Reflection on Sponsoring CCF Kids since 2012
By NiQ & Michele Lai, Jan 2025
Reflection on Sponsoring CCF Kids since 2012
By NiQ & Michele Lai, Jan 2025
As a family we have been involved with Cambodian Children’s Fund (CCF) since the early 2010s and had visited CCF in Phnom Penh as a family when our son JaQ and daughter Alysha were still under ten. As this age, we felt that our children were too young to fully comprehend the situation at CCF, so were pleasantly surprised a couple of years later when our children asked to sponsor a younger CCF sibling each. Whilst we financially sponsor siblings as a family, the correspondence with the siblings is done directly and in private between JaQ and Chhey Ya, and Alysha and Ching. It has been an amazingly enriching experience to see our extended family grow over the years.
2012: Early family visit to CCF
2023: In back row, Ching is 2nd from left and Chhey Ya is 3rd from left
Reflection on Sponsoring a CCF Little Sister since 2020
By Alysha Lai, Jan 2025
Ching receiving a Academic Award
Five years ago, when I started sponsoring Ching, I was just starting high school, and she just started middle school. Sponsoring Ching was my 16th Birthday Gift, and it’s been so much more than that. In the lottery of life, we were dealt very different cards, yet we had so much to write about and found much in common. We seemed to be living parallel lives as she wrote about making friendship bracelets with her friends or worrying about her upcoming exams. And with every monthly update, I learned more about her personality, three close friends, and all the leadership positions she’s managed to achieve. I feel like her older sister, giving her advice and wishing her the best. I think it’s a special bond when you sponsor someone around the same age, growing up and learning together. As I started my second year at university, and Ching is in her final years of high school, I wish her the best and more. I hope to visit her in Cambodia in person someday soon!

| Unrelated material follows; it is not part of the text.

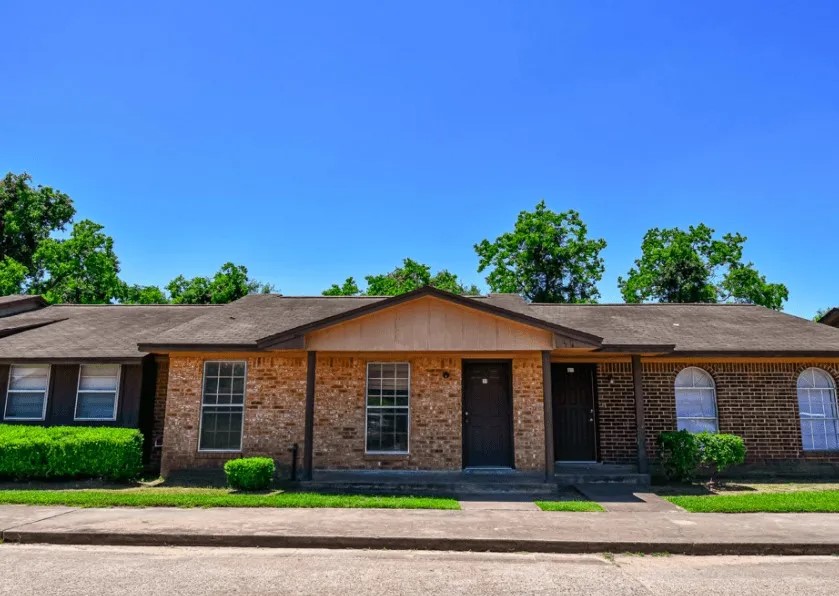 20598 Pine Island Road Hempstead, TX 77445 - Photo 4 of 8 a front view of a house with a garden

Reflection on Sponsoring a CCF Little Brother since 2012
By JaQ Lai, Jan 2025
2012: JaQ, Chhey Ya and friend (from the left to right)

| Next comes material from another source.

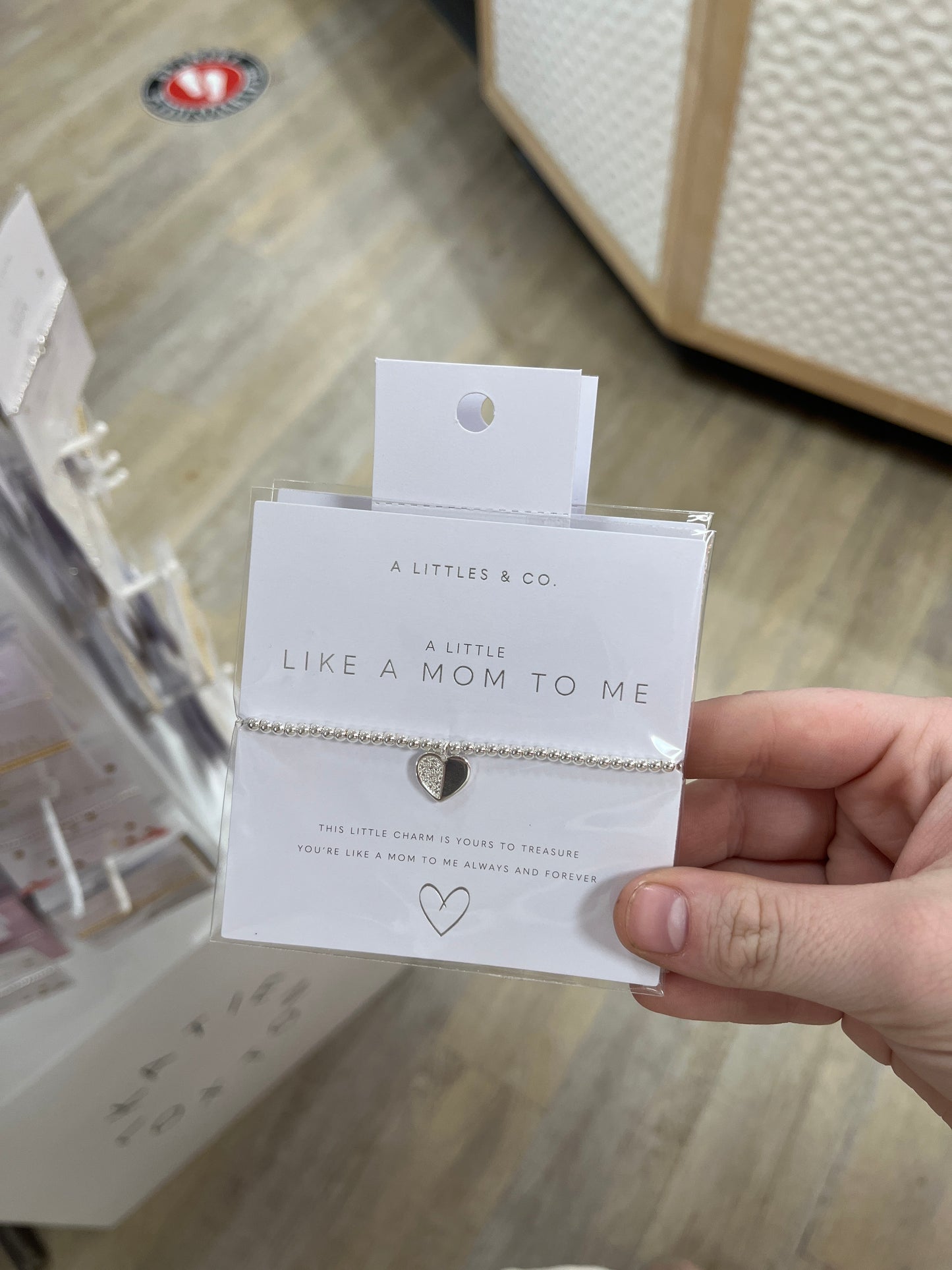 A LITTLE BRACELET - LIKE A MOM TO ME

2017: JaQ, Chhey Ya, friend, and NiQ (from left to right)
Chhye Ya, receiving his prize becoming for first intern placement.
Growing up with Chhey Ya—my sponsor sibling in Phnom Penh—over the course of twelve years has been an irreplaceable gift. I hope that sharing a bit about our friendship might give some perspective on the transformative force of CCF sponsorship.
I met Chhey Ya when I was ten years old and he was eight. In our first messages, we told wrote about our favourite toys, the holidays we celebrated, and our friends at home. We encouraged each other in our studies, and exchanged stories from daily life. Over time, our emails included conversations about the future, family, our worries, and our aspirations. Chhey Ya is one of few friends I have known since such a young age.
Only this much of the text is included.